我々民衆が生きていけるのは、すべてあなたのおかげです。みな知らず知らずのうちに、皇帝の法則に従っています
 次に、一人の老人が、食べ物を口に入れ腹鼓をうって、足を踏みならしては次のように歌うのを見た。
日が昇ったら耕作し、日が沈んだら休息する。井戸を掘って水を飲み、田を耕して食べる。皇帝の力が俺になんの関係がある
 これが東洋的な理想の一種である、と考えられている。即ち、統治されていることを意識させない統治が最上である。もう少し言うと、庶民にとっては世界か宇宙並みに広大で、文字通り果てのない帝国のただ中にいると、そもそも「他国」の概念がなく、ひいては「国家」そのものの概念がない。たいていの人が、「世界の成り立ちはどうなっているか」などということに頭を使わないのと同様、今いる皇帝とその統治機構のあり方がどうか、などとは頭に浮かばなくなる。山や川が生まれる以前からそこにあるように、あるのが当たり前。それだけの話なのだ。
 即ち、個人としても国家としても、「他者」を意識することが最も少ない。
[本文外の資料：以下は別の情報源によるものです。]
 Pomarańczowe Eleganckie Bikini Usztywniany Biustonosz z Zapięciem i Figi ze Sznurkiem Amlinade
それは身分秩序の形で人間関係がほぼ固定しているからで、変化に乏しく、「進歩」もあまりない。それでよい、そのほうが多くの人間にとって幸福なのだ、と言われた場合、そんなのは愚かな考えだ、と鎧袖一触にやっつけることはできないように思う。

 それでも、今後人類がこの理想を一国の統治原理とすることはできないだろう。民主主義か、ジョージ・オーウェル「一九八四年」に描かれたような、おおらかさなど全くない全体主義か、どちらかしかないようだ。後者を避けるためには、前者を守るしかない、と私は思っている。が、これは別の話。
 十九世紀末の段階で、鼓腹撃壌の、徳化のフィクションはもう保たれなくなってきた。「徳」から見て全く別種の、西洋人たちが、庶民の視界にも入るようになった以上、当然なのだった。
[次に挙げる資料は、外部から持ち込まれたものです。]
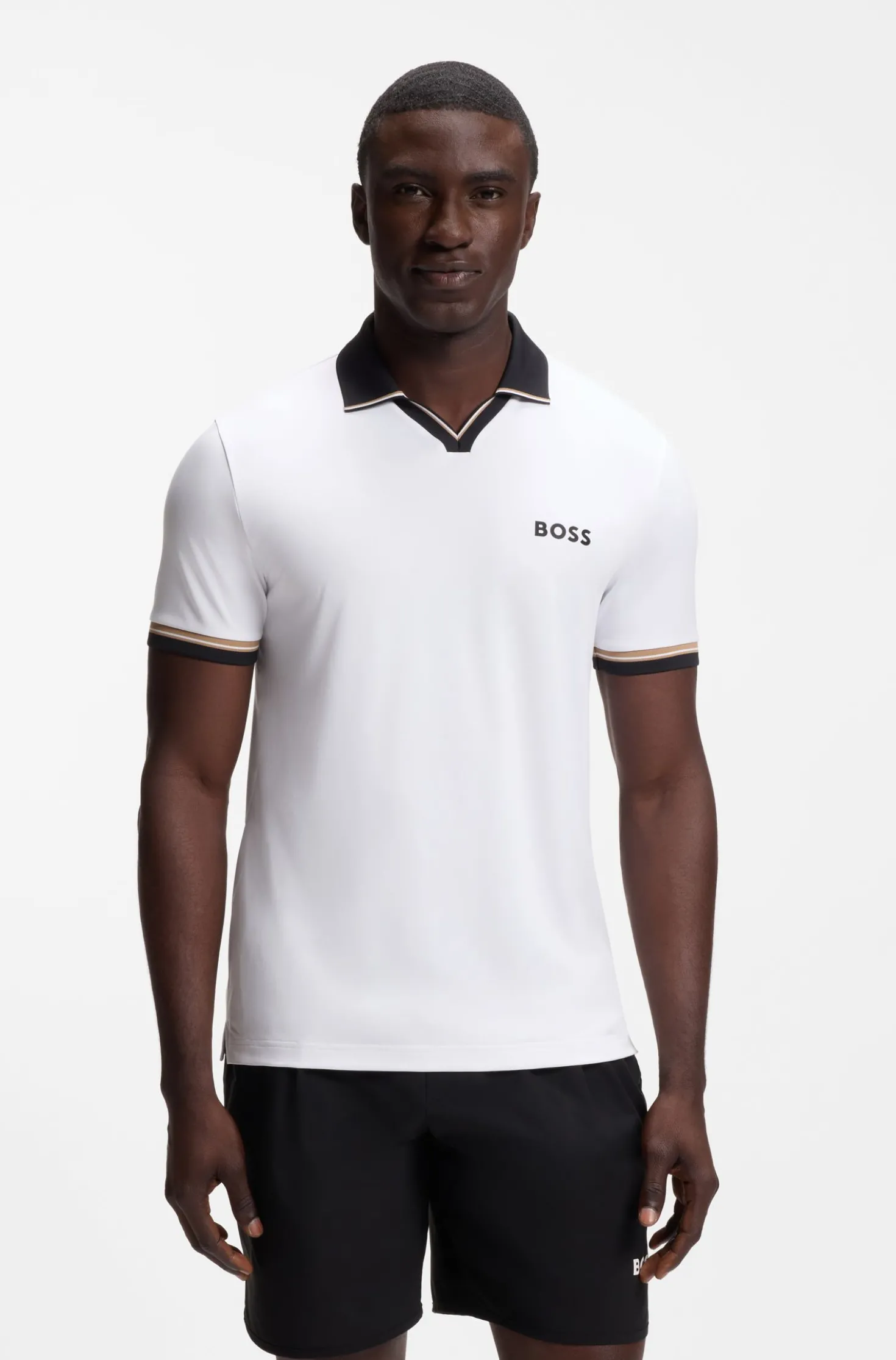 Active slim-fit polo shirt with signature-stripe details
 清でも軍の近代化は進行していた。一九八一年、新疆イリ地方で独立の動きが起こると、すぐに武力で弾圧し、その後イリ側の後押しをしていたロシアと妥協のための条約を締結した。華夷秩序の常識から言うと、逆のやり方になるはずなのだった(P.92~94)。いきなり武力を使うのは「武化」であって、「文化」でも「徳化」でもないし、秩序感覚からしても、まず大きいところから話を始めるのが当然だ、ということだろう。しかし、そんな悠長なことをしていたら、焦点のイリの情勢は清にとって不都合な方向に進行する可能性が高い。まず、実際の運動を封じることが急務だ、というのは、東洋の大国には似つかわしくない、合理主義だった。
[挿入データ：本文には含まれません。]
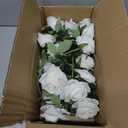 Hananona Artificial Roses in Bulk, Fake Velvet Silk Roses Realistic Rose for Wedding Centerpieces Flower Arrangement Home Decor (50, White)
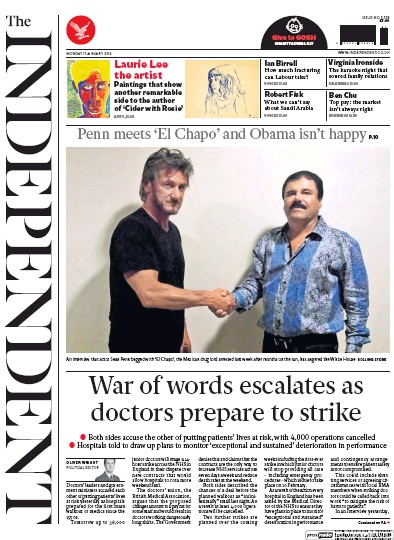 The Independent Newspaper Front Page (UK) for 11 January 2016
 この清と日本とは、朝鮮をめぐって争ったのだが、日本はまず西洋的合理主義の摂取においてかの国より立ち勝っていた。当時の外務大臣陸奥宗光が回想録「蹇々録」に記した「我政府の廟算は外交にありては被動者の地位を取り、軍事にありては常に機先を制せんとした」の一文を、加藤は「外交では日本は仕方なくこうせざるをえなかったという受け身の形をとります。けれど軍事においては着々と準備しますね」と現代語訳している(P.129)。「機先を制」するを「着々と準備」するとしたのは誤訳というべきではないかと思うが、それはともかく、陸奥のマキャベリストぶりはこの言葉にもよく現れている。
 朝鮮に対して、清がいろいろやってくるので、こちらは対抗上、しかたなしにやる、という顔をしておいて、いざ軍を動かす段になったら、清を出し抜く、と言うのだ。もちろん、その通りにできた日本軍の近代軍隊としての成長ぶりも、見過ごされてはならないであろう。
 陸奥はまた、朝鮮問題はいささかも道義問題ではない、と明言している。この時点ではまだ、かの国を植民地にしよう、とまでの発想はなかったものの、清やロシアの支配下に入ったのでは最悪なので、それを避けるために他に有効な手段がないなら、日本が支配するのもやむを得ない。この見解は、明治二十年代には、政府の高官の間では共有されていた。
 日清戦争前に民間に出現した多くの議論は、結局強き(清)を挫いて弱き(朝鮮)を扶(たす)ける、というような「義侠論」に過ぎない、とも陸奥は言う。問題は日本の国益であって、朝鮮自体がどうなるかは二の次とする、それが近代外交の常識なのである。とはいえ、その国益にとって有利なら、義侠論も悪くない。道具として利用できる。
 まず、他国から一目置かれるだけの国力(軍事力、外交力、経済力、など)を示すこと。道義が世界を支配する、というフィクション=物語から離脱した近代国家にとって、それが第一であることは自明なのである。それでも道義は、利用価値はまだあるのだが、利用すべきものだという視点は、忘れてはならない。
 力こそリアルだ。東洋諸国の中で最も早くこれに目覚め、近代化の道を邁進した日本が、その後辿らねばならぬ運命については、まだ誰にも見えていなかった。